Member-only story
Python Celery Best Practices
Tips and tricks to help you build scalable distributed apps with Celery

Building standalone systems that are resilient is challenging enough. Add distribution and suddenly you have lots more moving parts to worry about. Naturally, the more moving parts in a piece of software the more complexity and time it takes to maintain — Python Celery is no exception.
In the first installment of this series of Celery articles, we looked at getting started with Celery using standalone python and integrating it into your Django web application projects.
In this installment, we’ll be looking at the best practices you should follow to make your Celery enabled applications more resilient, better performing, and to improve monitoring and observability.

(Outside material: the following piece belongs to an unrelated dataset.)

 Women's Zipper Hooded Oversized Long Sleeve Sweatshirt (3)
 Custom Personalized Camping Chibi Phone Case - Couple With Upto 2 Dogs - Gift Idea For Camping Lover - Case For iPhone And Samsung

Celery for the Right Use Cases
It’s easy to think of Celery as one-size-fits-all solution for every convincible problem. When you don’t understand the tool well enough, it’s easy to try to fit it into every use-case. But using Celery may be overkill when you have a simple use-case and you’re not looking for distribution. If you have a resource that needs to be throttled, a simple queue such as AWS SQS should suffice — it’s easier to configure and maintain than configuring Celery.
What Celery is useful for is the execution of tasks that cost you in terms of performance and resource utilization — for example, within the handler of an HTTP request, or when needing to handle complex computation or ETL work which may need time to execute. In situations like these, it makes sense to use Celery because, although you loose fine-grained control with the level abstraction provided, you gain asynchronous and distribution behavior.
While Celery can handle big data depending on how you code your work, it is not a direct replacement for open-source solutions such as Apache Spark — although Celery can compliment Spark and let Spark do what it does best.